» **Task description**
Write out the records in full, exactly as given, but without the images.

Short web captions:
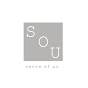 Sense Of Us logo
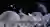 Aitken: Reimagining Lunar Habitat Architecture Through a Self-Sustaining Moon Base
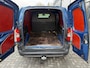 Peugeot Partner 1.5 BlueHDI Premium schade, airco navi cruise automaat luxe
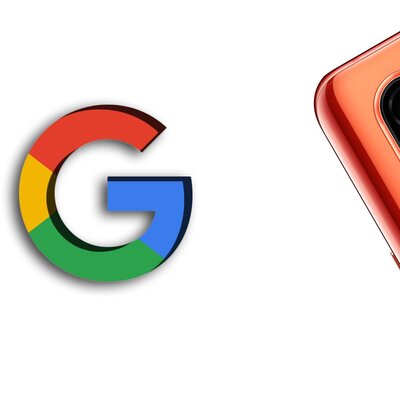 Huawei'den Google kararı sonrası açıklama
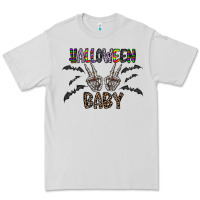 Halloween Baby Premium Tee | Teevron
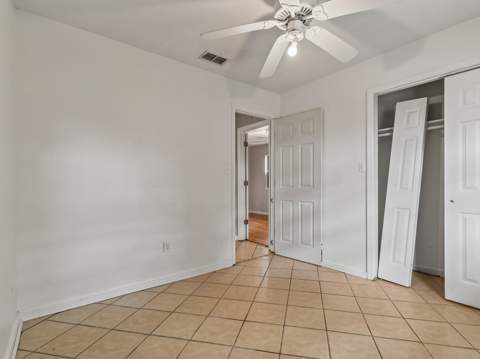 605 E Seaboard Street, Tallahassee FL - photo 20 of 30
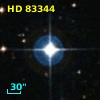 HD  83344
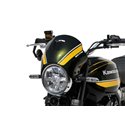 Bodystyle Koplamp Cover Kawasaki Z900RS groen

» **Result of the task**
 Sense Of Us logo
 Aitken: Reimagining Lunar Habitat Architecture Through a Self-Sustaining Moon Base
 Peugeot Partner 1.5 BlueHDI Premium schade, airco navi cruise automaat luxe
 Huawei'den Google kararı sonrası açıklama
 Halloween Baby Premium Tee | Teevron
 605 E Seaboard Street, Tallahassee FL - photo 20 of 30
 HD  83344
 Bodystyle Koplamp Cover Kawasaki Z900RS groen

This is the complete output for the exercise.